Every so often, a stock comes along that trades at such a rich valuation that it becomes a "no-brainer" short. The big story of last year was Netflix (NFLX). A number of far-sighted investors, like Rocco Pendola, called the stock the "short of the century" even as it rallied past $300. Meanwhile, the market seemed to be ignoring the growth challenges Netflix was soon to face. Slowing growth, compounded by execution blunders and cost pressures soon brought the stock back to earth. The stock currently trades in the low $60s and may have more downside to come. A similar story unfolded this spring at J.C. Penney (JCP). While J.C. Penney was not a revenue growth story, investors pushed the stock above $43 in February, believing that Ron Johnson would swiftly cut costs and improve margins. At the same time, I was calling J.C. Penney "The Netflix of 2012"; sure enough, the price had been cut in half by early July. J.C. Penney has bounced back over the past month, but I think it is primed for another drop lower as the recent spike in gas prices starts to dent consumer spending.
This brings us to Chipotle Mexican Grill (CMG). I love Chipotle food as much as the next 20-something yuppy. However, offering a desirable product is not always enough to drive a company's stock price higher.
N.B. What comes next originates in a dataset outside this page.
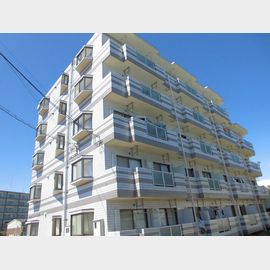 上福岡駅より徒歩11分 2階 築36年4ヶ月の賃貸物件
After hitting a 52-week high around $440 earlier this year, Chipotle has recently slumped to $290. The worst thing for long-term Chipotle investors was that this drop was entirely predictable. In spite of broad-based economic weakness, Chipotle was priced for perfection this spring, trading at nearly 50 times analyst estimates for 2012 earnings (the current average estimate is around $9/share).
In May, I wrote the following: "Analysts are currently estimating over 22% annual sales growth for 2012, which implies perhaps 9%-10% comp sales growth. This seems like a stretch. Because Chipotle trades at a high valuation of nearly 50X expected 2012 earnings, even a small slowdown in the growth trajectory could lead to a large drop in the stock price due to multiple contraction." Sure enough, after Chipotle missed Q2 revenue expectations and offered a conservative forecast last month, the stock tumbled over 20% in one day. It didn't matter that Q2 EPS blew by expectations, at $2.56 (64% higher than Chipotle's Q2 FY11 profit). Analysts and the market focused on slowing revenue growth rather than margin expansion because of the company's rich valuation.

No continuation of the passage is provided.